One of the key issues for discussion at our recent successful annual conference was climate change and we were delighted to
hear from one of the UK’s leading environmentalists, Jonathon Porritt, founder director of Forum for the Future, who gave an inspiring and provocative keynote speech on the issue.

The conference took place just days after thousands of activists from the Extinction Rebellion campaign group had brought the streets around the conference centre to a standstill, protesting about what they argue is a climate change emergency. Whether or not you agree with their tactics, there is clear evidence that climate change is accelerating at an alarming rate, with increasingly damaging consequences. Indeed, according to research by the World Economic Forum, five of the top ten risks facing the world in the next decade are environmental.

As you would expect, Jonathon Porritt’s message to the conference was that, as a profession and as a society, we must now take decisive action to manage and mitigate the growing risk of climate change. 

The issue is already moving rapidly up the agendas of internal audit functions. Our Risk in Focus 2020 research found that 14 per cent of chief internal auditors cited “environment and climate change” as a top five risk, compared with only eight per cent last year. Yet, as a profession, are we really taking the issue of climate change as seriously as we should be?

While it is difficult to ascribe individual weather events to climate change, there can be no doubt that the frequency of extreme weather events is increasing – whether we are talking about wildfires in New South Wales and California, or floods in Yorkshire, and the impact on business can be significant.

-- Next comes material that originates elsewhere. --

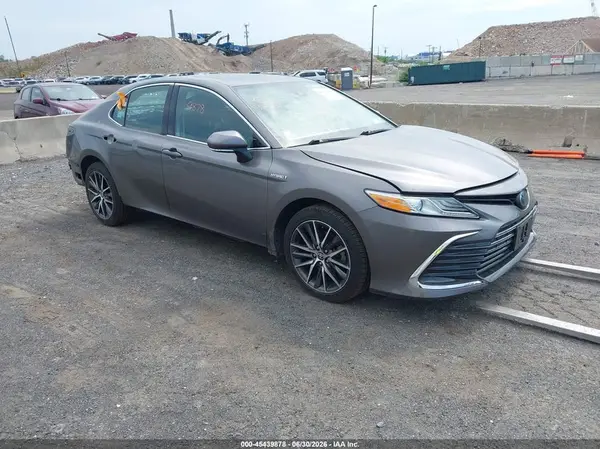 4T1F31AK0MU026406 2021 TOYOTA CAMRY - Image 1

In 2018 alone, extreme weather events and natural disasters caused around $160bn of damage, of which only $80bn was insured.

As an internal audit profession, we must step up to the plate to ensure that business takes the climate change challenge seriously. In order to protect the long-term sustainability of organisations it is vital that we play a key strategic role in climate change preparedness.

Internal audit has a big role to play in helping to ensure that directors on the boards of the businesses we serve are carbon literate. We should be asking tough questions about the processes and internal controls that businesses have adopted to meet their climate change obligations. Is there a mechanism or process in place that enables the business to assess the risks posed by climate change? Is there a climate change strategy? Is the strategy being implemented in a way that is commensurate with the challenge?

Another big question for internal audit is whether the business has the appropriate ethics and culture? This is fundamental to addressing sustainability issues effectively. Are we aligned with the views and expectations of our investors, customers and other stakeholders? What could the impact of inaction or a deficient climate change strategy be on the organisation’s reputation?

And there are also opportunities to be harnessed in the response to climate change. One good example is the renewable revolution. Renewables is now a massive industry and the rapid expansion of off-shore wind power has made the UK a world leader.

There is a huge amount that internal audit functions can be doing to ensure that our organisations are adapting their business models to embrace fully the new business opportunities created as a result of climate change. Our organisations can either harness these opportunities and become a disrupter in the field of climate change – or they can sit back, take no or limited action, and wait to be disrupted by competitors.

As Jonathon Porritt argued, internal audit has a big role to play in helping businesses to do some of the heavy lifting on climate change, and the positive news is that if people act in the next decade we can avert an environmental catastrophe. So, let’s ensure we all step up to ensure our organisations are taking the climate change challenge as seriously as they should be.